DAVE LAMMERS, Contributing Writer
Automotive semiconductors will be “the biggest growth driver” for the semiconductor industry in the coming years, “something that has never happened before,” said Gaurav Gupta, a research vice president at Gartner. The market research firm recently revised its 2023 semiconductor industry forecast, moving down from several percentage points of growth for next year to minus 2 percent, as consumer spending has proven sensitive to macro-economic trends.
Speaking at the “Smart Mobility” session during SEMICON West, Gupta said electric vehicles and automated driving features promise to take the semiconductor content of a car to an average of $1,440 by 2023 (FIGURE 1). By then, half of the top OEMs in the car industry will be designing their own chips, he added.

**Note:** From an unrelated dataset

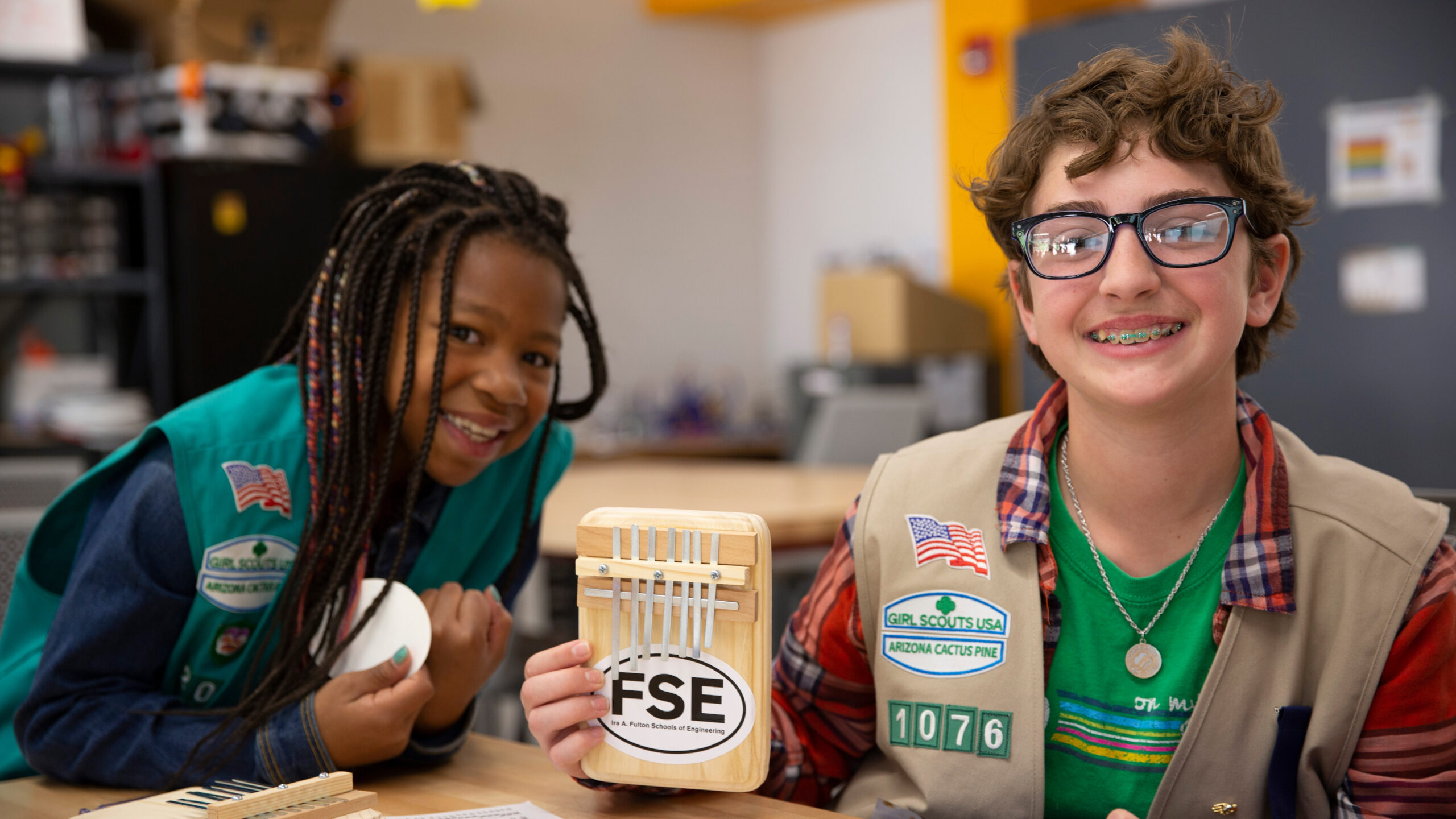 Two Girl Scouts work on a project at a Fulton Schools experience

Advanced driver-assistance system (ADAS) Level 2 (including autonomous obstacle avoidance and autonomous parking) and Level 3 (where the vehicle handles emergency braking and other situations calling for an immediate response) will provide much of the growth. However, fully self-driving vehicles (Levels 4 and 5) will remain in the single digits over the next decade in terms of market penetration, Gupta said.
Leopold Beer, a vice president at Bosch Semiconductors, said Bosch adheres to a vision of the “software defined vehicle,” with automotive semiconductors being capable of over-the-air updates. Rather than have hundreds of controllers in a vehicle, Beer said Bosch envisions a car have three main functional blocks, with sensors and actuators feeding information into several powerful central control units. These processors would be updateable, with functions plugged in and pulled out as needs evolve.
“I have never seen so much controversy in our industry,” Beer said, noting that safety concerns create levels of complexity not seen in consumer systems. “A car is not a smart phone,” he said, adding that his company will invest about $3 billion in its Dresden fab over the next few years.